### Your task
Go through the data and report each line that holds the string "Blue".

### Material provided
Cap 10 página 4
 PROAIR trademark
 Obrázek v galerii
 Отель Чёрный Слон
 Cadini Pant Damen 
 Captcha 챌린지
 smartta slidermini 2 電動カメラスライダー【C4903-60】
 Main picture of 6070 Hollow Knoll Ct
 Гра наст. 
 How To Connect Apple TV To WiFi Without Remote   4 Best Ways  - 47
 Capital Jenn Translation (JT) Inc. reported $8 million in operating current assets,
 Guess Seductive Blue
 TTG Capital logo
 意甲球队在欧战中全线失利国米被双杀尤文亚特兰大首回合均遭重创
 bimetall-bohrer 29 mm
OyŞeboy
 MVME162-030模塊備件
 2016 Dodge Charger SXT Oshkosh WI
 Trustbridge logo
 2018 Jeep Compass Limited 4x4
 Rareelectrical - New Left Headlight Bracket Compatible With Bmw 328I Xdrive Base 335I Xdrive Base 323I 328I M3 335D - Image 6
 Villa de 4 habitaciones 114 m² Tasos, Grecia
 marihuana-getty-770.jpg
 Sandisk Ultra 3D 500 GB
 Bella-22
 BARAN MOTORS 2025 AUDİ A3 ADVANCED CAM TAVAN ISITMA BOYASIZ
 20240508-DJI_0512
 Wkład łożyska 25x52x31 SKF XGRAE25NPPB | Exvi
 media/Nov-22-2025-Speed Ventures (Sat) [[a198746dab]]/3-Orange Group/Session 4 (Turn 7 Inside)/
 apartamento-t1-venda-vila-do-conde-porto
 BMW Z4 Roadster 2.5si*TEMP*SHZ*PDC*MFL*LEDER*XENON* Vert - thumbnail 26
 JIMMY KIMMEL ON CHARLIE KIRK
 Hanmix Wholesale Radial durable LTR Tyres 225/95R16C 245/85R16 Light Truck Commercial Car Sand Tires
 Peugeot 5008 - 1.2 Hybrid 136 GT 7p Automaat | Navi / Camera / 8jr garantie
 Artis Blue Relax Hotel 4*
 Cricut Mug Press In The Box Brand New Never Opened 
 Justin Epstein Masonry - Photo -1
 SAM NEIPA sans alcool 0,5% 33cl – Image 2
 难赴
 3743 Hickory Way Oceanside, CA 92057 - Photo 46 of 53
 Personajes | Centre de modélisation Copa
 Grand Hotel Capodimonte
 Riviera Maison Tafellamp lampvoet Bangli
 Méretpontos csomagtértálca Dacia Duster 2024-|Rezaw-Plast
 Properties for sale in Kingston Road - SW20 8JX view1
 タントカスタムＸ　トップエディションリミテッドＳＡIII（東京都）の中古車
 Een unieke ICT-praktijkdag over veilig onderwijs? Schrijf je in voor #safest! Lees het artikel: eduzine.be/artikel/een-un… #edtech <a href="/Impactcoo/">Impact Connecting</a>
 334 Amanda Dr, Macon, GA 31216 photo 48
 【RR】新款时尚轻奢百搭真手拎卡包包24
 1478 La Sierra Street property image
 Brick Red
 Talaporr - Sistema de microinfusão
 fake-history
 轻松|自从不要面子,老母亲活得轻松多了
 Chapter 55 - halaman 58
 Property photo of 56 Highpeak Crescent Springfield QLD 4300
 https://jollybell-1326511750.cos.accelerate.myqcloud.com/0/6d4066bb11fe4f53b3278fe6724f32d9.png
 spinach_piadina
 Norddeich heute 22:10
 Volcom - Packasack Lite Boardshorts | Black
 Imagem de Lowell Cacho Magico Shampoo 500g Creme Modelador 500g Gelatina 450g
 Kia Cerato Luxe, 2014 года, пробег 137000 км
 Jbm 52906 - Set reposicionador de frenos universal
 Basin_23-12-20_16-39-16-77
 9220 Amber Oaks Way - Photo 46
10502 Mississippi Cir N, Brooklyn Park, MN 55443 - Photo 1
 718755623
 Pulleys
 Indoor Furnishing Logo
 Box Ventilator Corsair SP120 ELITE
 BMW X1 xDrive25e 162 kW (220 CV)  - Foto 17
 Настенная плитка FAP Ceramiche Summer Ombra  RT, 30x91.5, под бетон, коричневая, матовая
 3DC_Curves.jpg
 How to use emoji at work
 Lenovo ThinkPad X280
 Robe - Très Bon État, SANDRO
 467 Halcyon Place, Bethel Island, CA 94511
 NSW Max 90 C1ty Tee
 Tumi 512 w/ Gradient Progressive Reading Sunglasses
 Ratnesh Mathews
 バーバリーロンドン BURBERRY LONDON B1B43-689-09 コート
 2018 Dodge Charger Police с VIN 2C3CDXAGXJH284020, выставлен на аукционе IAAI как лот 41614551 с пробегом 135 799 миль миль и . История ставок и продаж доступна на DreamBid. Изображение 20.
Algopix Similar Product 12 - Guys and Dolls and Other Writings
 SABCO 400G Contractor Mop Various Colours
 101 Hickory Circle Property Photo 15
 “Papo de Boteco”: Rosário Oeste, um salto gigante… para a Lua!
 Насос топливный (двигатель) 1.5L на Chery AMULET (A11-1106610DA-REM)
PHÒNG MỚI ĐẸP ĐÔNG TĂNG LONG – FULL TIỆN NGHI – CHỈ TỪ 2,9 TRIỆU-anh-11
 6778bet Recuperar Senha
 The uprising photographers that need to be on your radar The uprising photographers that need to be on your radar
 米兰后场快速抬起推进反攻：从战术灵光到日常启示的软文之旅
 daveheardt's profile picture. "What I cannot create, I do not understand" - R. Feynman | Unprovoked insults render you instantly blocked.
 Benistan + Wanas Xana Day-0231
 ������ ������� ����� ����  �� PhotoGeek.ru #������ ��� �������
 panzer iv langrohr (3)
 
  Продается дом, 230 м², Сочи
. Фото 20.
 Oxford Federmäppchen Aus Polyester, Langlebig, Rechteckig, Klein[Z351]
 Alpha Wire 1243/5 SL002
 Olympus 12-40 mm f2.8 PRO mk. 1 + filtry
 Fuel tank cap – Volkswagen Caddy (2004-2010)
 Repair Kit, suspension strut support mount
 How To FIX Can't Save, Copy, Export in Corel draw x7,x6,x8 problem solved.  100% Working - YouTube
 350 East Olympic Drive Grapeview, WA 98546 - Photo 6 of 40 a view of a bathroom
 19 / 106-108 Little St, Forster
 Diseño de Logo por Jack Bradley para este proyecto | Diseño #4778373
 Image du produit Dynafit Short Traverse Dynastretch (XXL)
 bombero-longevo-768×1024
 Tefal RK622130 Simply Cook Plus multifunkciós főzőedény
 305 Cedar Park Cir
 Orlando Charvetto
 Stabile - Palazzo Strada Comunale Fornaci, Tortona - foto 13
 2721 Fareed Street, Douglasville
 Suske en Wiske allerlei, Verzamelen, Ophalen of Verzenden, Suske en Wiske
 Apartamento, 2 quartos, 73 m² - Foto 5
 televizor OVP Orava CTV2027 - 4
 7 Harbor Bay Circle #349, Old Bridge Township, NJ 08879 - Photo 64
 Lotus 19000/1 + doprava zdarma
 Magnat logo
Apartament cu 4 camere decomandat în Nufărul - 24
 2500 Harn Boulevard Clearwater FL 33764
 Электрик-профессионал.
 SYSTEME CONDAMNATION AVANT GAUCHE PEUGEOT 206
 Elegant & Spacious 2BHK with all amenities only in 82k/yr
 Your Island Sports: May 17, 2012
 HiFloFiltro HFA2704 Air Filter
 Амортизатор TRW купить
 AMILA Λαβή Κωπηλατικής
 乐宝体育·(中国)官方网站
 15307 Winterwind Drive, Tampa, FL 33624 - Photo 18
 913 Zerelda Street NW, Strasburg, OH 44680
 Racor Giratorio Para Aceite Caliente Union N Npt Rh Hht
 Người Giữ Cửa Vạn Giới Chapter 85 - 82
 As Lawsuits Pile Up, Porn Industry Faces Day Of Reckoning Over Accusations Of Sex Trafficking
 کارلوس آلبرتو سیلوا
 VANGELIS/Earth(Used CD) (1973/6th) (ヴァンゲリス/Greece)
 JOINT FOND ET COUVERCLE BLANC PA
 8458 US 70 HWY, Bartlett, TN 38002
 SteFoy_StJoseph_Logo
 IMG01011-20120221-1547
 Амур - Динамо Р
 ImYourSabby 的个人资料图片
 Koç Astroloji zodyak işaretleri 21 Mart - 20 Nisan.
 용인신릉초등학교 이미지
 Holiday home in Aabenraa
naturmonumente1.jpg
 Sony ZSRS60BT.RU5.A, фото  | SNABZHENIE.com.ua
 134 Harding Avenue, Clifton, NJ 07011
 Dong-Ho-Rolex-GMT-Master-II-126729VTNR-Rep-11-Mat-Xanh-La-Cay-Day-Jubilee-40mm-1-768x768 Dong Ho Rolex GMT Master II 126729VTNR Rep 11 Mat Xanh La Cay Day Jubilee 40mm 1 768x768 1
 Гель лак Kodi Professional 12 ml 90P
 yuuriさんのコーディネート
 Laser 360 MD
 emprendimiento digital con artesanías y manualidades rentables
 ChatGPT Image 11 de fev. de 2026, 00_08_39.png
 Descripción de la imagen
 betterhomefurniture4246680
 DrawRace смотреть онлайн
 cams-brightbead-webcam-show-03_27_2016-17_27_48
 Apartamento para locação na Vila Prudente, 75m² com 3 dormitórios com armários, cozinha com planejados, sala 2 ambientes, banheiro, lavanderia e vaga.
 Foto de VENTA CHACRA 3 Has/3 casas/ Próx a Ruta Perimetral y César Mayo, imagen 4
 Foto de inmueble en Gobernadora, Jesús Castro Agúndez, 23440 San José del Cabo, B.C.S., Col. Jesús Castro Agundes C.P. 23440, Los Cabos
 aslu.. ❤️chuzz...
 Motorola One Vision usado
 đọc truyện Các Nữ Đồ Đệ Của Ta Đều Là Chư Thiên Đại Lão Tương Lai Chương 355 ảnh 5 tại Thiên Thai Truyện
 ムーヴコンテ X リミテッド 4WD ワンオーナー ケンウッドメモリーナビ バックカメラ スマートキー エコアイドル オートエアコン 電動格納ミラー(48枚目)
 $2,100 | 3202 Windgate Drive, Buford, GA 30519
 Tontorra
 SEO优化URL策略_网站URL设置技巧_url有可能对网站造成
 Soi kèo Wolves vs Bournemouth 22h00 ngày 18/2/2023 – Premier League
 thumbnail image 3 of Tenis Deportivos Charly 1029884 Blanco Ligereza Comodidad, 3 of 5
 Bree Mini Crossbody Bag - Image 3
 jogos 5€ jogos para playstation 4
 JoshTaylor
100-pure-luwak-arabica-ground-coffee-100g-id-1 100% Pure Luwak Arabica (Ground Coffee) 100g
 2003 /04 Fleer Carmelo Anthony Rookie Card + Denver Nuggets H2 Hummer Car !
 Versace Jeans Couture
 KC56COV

### Your response
 Guess Seductive Blue
 Artis Blue Relax Hotel 4*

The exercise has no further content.